# Records from a data collection:
•••

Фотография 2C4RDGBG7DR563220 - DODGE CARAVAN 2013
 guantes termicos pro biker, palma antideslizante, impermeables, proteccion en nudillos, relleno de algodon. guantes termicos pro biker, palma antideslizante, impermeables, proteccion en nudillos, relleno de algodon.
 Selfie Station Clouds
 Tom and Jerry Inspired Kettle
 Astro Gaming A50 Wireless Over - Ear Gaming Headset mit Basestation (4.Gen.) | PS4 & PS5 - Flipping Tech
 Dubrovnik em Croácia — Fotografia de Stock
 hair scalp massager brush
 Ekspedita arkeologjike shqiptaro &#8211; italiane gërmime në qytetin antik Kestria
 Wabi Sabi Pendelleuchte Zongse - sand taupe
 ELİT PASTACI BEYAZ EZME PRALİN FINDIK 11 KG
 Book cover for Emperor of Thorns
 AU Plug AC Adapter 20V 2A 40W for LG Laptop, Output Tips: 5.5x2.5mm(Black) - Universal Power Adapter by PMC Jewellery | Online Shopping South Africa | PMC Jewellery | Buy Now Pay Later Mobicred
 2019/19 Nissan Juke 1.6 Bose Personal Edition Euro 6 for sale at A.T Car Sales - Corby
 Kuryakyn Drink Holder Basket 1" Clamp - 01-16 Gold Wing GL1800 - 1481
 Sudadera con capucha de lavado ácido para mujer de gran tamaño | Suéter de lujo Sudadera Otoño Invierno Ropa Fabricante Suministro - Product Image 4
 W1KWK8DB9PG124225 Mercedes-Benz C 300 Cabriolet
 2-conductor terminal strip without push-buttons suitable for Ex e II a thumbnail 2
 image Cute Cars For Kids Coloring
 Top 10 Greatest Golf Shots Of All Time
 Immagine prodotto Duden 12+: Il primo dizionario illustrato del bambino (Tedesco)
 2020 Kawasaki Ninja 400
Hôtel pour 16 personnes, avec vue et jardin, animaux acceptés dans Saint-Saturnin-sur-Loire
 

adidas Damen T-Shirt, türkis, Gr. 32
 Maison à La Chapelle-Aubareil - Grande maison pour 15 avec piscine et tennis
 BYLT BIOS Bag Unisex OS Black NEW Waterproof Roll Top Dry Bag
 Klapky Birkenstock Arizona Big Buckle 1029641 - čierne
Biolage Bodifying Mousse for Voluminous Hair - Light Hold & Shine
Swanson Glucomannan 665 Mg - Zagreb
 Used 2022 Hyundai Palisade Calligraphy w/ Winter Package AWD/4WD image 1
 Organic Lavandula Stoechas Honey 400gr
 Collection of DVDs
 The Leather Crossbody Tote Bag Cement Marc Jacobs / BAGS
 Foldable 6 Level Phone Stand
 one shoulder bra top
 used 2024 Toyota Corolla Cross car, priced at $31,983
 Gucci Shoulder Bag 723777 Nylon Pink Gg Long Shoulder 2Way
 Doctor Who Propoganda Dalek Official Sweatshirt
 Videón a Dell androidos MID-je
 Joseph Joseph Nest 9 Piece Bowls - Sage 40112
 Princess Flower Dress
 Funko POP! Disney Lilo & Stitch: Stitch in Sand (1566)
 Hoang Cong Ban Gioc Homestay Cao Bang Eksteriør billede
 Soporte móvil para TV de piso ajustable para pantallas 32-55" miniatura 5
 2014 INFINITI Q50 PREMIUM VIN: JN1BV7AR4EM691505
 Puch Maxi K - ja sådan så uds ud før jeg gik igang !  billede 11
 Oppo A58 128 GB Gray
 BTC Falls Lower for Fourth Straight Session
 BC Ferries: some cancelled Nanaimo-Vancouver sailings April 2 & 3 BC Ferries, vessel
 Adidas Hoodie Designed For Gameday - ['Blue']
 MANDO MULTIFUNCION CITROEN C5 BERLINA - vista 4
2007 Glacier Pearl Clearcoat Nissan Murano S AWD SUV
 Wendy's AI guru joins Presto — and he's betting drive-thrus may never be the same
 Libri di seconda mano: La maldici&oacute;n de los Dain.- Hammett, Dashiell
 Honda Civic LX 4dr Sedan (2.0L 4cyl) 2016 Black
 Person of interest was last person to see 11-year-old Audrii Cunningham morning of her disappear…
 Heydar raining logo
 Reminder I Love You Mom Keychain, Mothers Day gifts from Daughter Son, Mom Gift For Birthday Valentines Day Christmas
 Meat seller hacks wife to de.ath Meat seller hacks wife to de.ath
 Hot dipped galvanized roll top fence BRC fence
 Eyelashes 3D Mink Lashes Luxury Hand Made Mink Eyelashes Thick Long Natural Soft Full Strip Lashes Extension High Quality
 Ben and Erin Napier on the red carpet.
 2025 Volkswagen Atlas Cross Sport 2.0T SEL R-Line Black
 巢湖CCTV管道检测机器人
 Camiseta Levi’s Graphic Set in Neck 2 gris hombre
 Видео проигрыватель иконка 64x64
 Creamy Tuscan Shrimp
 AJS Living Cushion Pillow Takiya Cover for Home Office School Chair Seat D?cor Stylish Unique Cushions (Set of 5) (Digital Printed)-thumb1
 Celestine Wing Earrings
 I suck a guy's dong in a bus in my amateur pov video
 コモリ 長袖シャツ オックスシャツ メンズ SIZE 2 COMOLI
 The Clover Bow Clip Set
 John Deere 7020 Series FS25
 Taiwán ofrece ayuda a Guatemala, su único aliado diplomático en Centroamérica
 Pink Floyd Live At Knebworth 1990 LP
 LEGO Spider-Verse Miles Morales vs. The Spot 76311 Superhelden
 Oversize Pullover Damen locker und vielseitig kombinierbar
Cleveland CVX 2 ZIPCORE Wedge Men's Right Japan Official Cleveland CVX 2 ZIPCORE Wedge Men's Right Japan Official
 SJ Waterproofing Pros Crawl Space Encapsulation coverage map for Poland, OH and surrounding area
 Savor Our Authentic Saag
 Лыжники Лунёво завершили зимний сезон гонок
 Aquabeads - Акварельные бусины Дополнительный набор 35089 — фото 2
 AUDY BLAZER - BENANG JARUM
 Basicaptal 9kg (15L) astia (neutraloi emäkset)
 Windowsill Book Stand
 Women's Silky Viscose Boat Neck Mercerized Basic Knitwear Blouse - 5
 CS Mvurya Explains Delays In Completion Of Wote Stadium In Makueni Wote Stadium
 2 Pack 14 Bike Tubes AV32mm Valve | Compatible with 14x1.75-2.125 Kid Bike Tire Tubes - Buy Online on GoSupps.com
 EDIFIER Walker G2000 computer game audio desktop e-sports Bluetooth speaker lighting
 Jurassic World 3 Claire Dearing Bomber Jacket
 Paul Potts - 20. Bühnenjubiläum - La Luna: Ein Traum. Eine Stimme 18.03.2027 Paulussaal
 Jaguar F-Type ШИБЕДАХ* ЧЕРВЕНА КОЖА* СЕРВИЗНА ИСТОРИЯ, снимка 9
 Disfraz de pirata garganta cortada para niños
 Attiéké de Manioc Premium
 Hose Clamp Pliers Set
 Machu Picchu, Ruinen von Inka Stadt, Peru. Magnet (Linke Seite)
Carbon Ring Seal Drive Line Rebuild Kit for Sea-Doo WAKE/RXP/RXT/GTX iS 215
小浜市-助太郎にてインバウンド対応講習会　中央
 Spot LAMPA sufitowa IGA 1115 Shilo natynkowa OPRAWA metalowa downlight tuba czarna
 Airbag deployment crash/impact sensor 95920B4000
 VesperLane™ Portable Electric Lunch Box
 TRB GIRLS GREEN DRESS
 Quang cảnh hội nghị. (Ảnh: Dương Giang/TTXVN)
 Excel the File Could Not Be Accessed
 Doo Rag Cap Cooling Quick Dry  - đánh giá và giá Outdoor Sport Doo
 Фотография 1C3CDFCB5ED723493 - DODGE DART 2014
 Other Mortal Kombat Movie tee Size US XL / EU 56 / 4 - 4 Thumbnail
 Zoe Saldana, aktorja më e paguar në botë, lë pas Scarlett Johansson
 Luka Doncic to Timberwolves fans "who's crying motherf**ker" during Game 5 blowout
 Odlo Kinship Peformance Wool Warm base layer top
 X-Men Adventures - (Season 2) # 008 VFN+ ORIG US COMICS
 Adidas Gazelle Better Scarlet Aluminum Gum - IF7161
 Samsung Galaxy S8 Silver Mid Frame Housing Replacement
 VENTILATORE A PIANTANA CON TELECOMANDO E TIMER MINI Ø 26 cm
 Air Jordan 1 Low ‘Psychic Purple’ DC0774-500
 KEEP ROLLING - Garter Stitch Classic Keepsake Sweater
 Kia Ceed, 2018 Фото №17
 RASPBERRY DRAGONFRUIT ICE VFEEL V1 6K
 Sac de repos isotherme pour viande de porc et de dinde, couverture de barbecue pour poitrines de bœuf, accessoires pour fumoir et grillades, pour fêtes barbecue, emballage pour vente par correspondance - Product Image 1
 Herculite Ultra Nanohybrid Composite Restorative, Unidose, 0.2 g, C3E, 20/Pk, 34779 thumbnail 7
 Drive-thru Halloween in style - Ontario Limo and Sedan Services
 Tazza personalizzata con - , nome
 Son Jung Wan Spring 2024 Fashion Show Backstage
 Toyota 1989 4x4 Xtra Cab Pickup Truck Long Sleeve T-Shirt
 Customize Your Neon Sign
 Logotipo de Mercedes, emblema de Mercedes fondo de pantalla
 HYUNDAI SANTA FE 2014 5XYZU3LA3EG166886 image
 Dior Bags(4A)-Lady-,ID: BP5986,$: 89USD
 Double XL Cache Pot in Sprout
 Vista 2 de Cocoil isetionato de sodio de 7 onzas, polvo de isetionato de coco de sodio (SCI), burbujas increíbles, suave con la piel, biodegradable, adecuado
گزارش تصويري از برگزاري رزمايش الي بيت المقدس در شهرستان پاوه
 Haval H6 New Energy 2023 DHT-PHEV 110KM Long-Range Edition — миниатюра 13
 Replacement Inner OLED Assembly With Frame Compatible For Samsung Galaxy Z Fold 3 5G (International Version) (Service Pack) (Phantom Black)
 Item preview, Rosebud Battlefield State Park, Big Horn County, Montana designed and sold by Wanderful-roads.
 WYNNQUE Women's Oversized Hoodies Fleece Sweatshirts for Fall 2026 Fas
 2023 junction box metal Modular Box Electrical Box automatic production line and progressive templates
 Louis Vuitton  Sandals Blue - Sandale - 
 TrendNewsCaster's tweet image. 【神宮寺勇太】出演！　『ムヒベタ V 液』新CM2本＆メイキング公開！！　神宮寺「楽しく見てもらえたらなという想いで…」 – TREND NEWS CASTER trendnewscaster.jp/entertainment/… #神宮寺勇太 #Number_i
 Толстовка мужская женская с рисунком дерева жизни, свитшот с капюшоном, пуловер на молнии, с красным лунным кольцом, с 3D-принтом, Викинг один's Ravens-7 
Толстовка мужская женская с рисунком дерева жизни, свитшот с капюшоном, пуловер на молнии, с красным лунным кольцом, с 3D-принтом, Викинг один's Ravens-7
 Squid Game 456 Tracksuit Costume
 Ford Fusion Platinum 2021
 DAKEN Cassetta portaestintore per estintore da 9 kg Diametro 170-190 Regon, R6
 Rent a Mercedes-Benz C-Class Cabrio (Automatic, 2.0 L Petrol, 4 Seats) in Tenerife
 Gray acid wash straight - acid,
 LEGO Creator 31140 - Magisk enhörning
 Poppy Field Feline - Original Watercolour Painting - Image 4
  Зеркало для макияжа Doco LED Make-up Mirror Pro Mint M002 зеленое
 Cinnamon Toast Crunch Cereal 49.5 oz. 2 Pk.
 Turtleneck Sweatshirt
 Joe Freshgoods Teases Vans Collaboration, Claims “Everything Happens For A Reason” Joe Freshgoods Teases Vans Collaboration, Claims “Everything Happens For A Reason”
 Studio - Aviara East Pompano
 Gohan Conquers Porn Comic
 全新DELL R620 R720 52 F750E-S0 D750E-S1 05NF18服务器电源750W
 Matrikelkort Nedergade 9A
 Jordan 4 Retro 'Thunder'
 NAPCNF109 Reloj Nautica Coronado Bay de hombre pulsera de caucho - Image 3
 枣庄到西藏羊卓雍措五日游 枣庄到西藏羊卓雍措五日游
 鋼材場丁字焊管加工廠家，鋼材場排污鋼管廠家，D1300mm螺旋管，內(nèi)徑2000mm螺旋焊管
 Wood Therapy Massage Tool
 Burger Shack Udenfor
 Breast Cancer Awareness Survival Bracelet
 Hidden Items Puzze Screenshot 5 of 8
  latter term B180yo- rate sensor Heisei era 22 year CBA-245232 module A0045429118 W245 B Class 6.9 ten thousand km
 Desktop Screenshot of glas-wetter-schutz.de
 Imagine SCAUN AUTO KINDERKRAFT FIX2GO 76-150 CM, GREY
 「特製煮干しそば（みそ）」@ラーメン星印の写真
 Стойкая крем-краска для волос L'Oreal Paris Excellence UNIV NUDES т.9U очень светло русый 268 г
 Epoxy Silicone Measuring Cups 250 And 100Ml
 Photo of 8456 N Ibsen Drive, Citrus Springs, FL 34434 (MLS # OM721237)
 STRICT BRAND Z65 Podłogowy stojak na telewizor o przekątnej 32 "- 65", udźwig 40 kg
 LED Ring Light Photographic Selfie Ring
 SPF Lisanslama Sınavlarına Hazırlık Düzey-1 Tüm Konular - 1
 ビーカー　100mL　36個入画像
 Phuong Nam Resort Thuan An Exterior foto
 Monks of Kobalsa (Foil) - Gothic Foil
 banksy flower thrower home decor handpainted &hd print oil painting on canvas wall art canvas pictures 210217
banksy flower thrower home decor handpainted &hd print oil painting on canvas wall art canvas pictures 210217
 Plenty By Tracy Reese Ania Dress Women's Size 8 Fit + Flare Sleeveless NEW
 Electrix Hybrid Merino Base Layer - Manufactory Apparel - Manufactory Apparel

•••

Report the number of lines in the entries where the word "Stand" occurs, and add nothing else.

# Answer to this task:
2